What we started with
We started with the PESC transcript in XML, and translated this to JSON. XML gives you records with nested elements with meaning that depends on their parent & sibling elements. The image below is incomplete and very simplified and I have taken some liberties to make it presentable, but it gets the idea across.
Presented like this you can see how the nested structure is kind of reassuringly similar to a printed transcript. Take note of how in the bottom right the information under “course” mixes information that is true of the course that everyone took (Course Number, Name) and information that is specific to the person whose details are provided nested in the same Student element. In reality the Course Number and Name have nothing to do with the Student.

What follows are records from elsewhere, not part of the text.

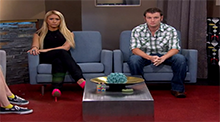 Big Brother 15 - Judd Daugherty evicted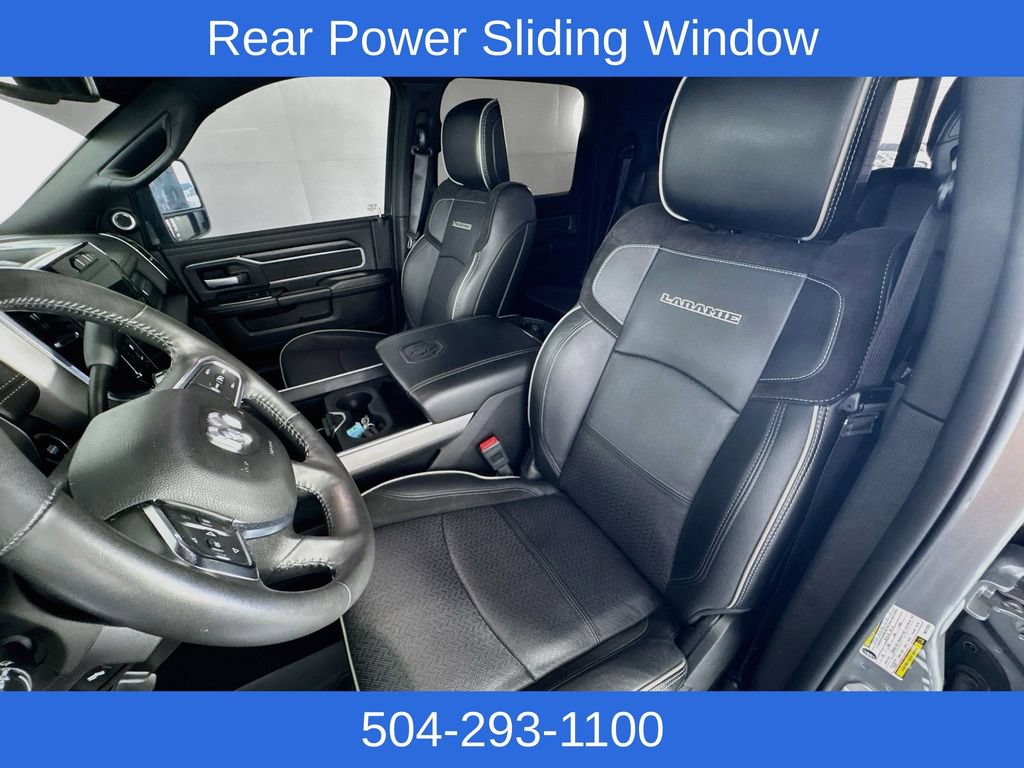 Used 2024 RAM 2500 Laramie w/ Night Edition AWD/4WD image 23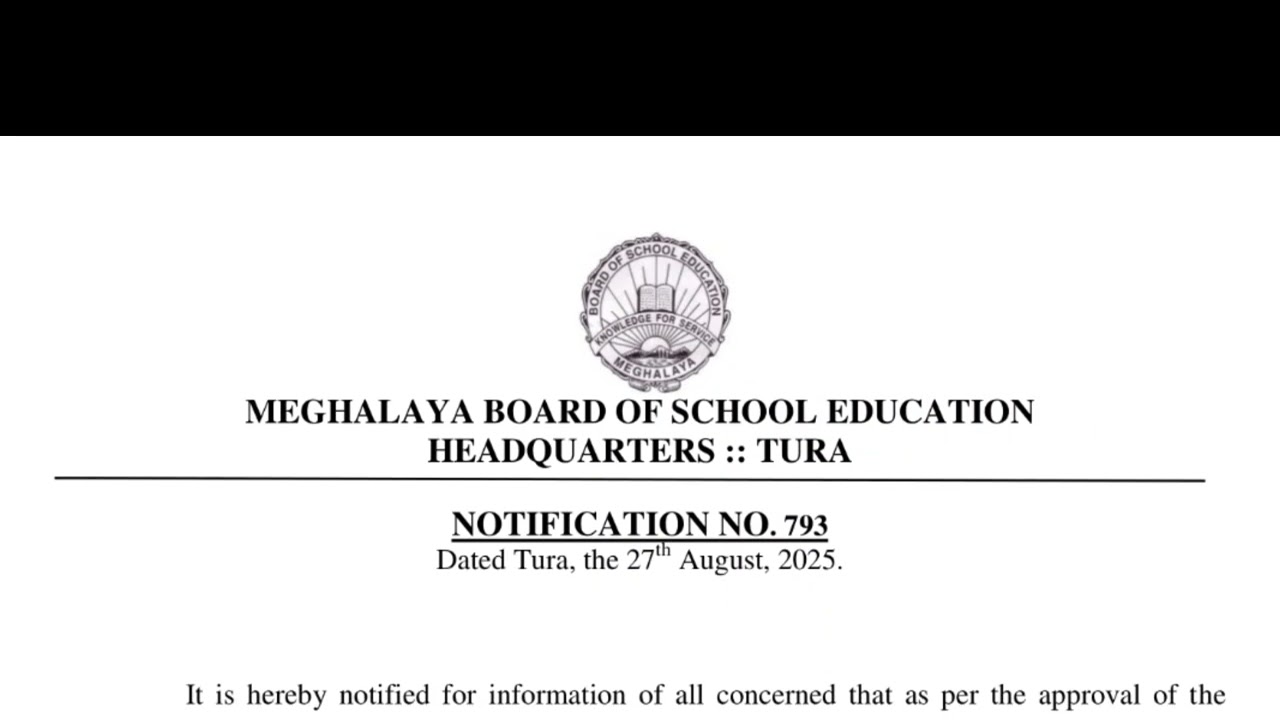 SSLC EXAM 2026 NI JANUARY LAST WEEK -O ONGGEN INE MBOSE PARAKAHA||SSLC EXAM JAN LAST WEEK 2026|MBOSE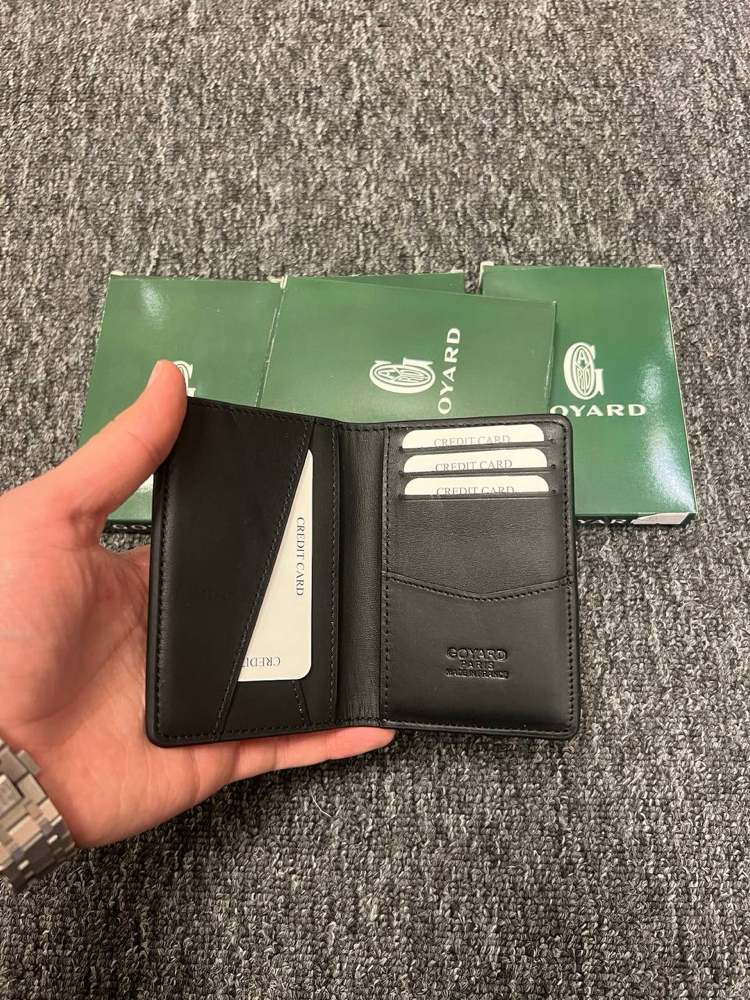 Goyard Pocket Organizer - Tüm Renkler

JSON can be similar, but for Linked Data–as in JSON-LD–you no longer have a “record” paradigm, you have sets of statements about different things and the statements describe the characteristics of those things and the relationships between them.
The first cut
We took a first trip through the data model, focusing what were the different things being described and how did they relate to each other. The image below illustrates (again a very simple) example of what we came up with.
This usefully shows that there are some things that “belong” to the transcript, some things that are about a Person and what they have done, and some things that are about an Organization (e.g. a College) and what they offer (Courses).
But, when you look at real world examples, it was actually a bit of a mess: the relationships were more about where you find things on a printed transcript than what makes sense as relationships between the things being described. Look how you go from AcadmicSummary to Academic Session to Academic Achievement to Course.
Where we are now
We started thinking of a transcript as a record of a person’s various types of achievements in programs/courses/sessions/etc offered by an organization. That looks like this.
It looks a little less simplified, but it’s showing two achievements.
See how there is a split between the personal private information (yellow and blue boxes on the middle left) and the corporate public data (pink boxes on right and at the top) typically found in a Course Catalogue or similar, the type of information that could be made available as linked data through the Credential Engine Registry (other registries could exist, but Credential Engine pay me)
What if there were no need to generate the corporate data just for the transcript because it could be reused (either by repeating it in the transcript data or just linking to it.)
One final thought on the data structure. The heart of this view of the transcript is a series of assertions that an organization issues saying that a person has achieved something. These are represented by the Person-Achievement-College boxes running diagonally from botton left to the to right. This is the same core as a W3C Verifiable Credential, and the transcript is the same structure as a Verifiable Presentation. What if the data structure of the transcript were the same as that of a Verifiable Presentation? That is the approach taken by other similar standards, such as the European Learner Model and 1EdTech’s Comprehensive Learner Record. Having a common data model (even without going the whole way into including signed VCs in the transcript) will surely be helpful. If it is compatible with having a transcript made up of VCs, then so much the better, but we shall continue to follow the use cases to find a solution, not the other way round.